Quem quiser conhecer a continuidade das ações de financiamento do pensamento anticomunista no Brasil, pode procurar Moniz Bandeira, “Presença dos Estados Unidos no Brasil” e Geraldo Catarino, “Segredos da Propaganda Anticomunista”. Ou assistir ao documentário “O Dia que durou 21 anos”, de Camilo Galli Tavares. Verá o financiamento norte-americano do IRD, as ações da CIA, as organizações da reação brasileira, como o complexo IPES/IBAD, a ideologização das Forças Armadas brasileiras. Mas irão conferir que, se a estrutura de comunicação foi alterada pela tecnologia e pelo alcance global, os objetivos são os mesmos.

A associação do mercado à liberdade, a garantia de sobrevivência da minoria como um direito moral, a superioridade natural do direito à propriedade e dos donos do poder. Mudaram os meios, modernizaram a roupagem, os medos são os mesmos.

Encerrando com outra memória, mais recente. Há uns sete anos, trabalhando no Sudoeste paraense, fiz matérias sobre um bairro novo, construído para retirados de palafitas. Em meio às casas novas, um Posto de Saúde.
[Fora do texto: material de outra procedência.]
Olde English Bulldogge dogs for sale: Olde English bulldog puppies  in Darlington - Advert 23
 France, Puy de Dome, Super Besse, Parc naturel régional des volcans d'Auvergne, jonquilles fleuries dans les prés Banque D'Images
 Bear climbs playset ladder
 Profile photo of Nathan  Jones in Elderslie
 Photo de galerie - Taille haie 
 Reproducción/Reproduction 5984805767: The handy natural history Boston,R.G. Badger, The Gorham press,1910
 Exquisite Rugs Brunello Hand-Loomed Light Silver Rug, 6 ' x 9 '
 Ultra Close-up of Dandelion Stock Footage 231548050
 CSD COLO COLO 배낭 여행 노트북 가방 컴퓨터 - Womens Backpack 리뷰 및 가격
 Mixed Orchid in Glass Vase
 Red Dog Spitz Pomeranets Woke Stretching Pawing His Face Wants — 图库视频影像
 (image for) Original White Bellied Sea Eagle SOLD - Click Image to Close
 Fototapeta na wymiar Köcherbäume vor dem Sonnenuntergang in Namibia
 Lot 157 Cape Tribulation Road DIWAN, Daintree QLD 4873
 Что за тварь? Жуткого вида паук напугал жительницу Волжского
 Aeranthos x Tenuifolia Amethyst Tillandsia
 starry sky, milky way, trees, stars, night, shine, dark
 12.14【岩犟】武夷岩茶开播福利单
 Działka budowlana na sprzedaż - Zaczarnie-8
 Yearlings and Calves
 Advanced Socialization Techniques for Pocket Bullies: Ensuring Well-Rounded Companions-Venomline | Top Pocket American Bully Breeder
Os equipamentos estavam para chegar, mas os médicos chegaram lá. Cubanos. E começaram a trabalhar, sem terem as instalações prontas. Fui conversar com aqueles filhos da Revolução que passaram a maior parte da vida sob dificuldades decorrentes do fim da URSS e da permanência do bloqueio. Perguntei o que fariam, pois o PS ainda não estava equipado. “Conhecer pessoas”.

Iam de casa em casa saber nomes, comorbidades, necessidades familiares, plantas que utilizavam para cada doença. Criaram atividades físicas e recreativas para pessoas mais velhas, se alegravam brincando no chão com as crianças. “Vamos recolhendo os perfis para o trabalho que teremos adiante, avançamos no que podemos”. E o salário, boa parte enviado ao governo do país? “Vivemos bem, temos o que precisamos, fazemos o que gostamos. Ajudamos nossos irmãos, é prazeroso. Somos felizes aqui”.

Quando descobrirmos a gente sem liberdade que a Revolução fez nascer e crescer, talvez irrompa uma certeza de que não vale a pena viver de joelhos.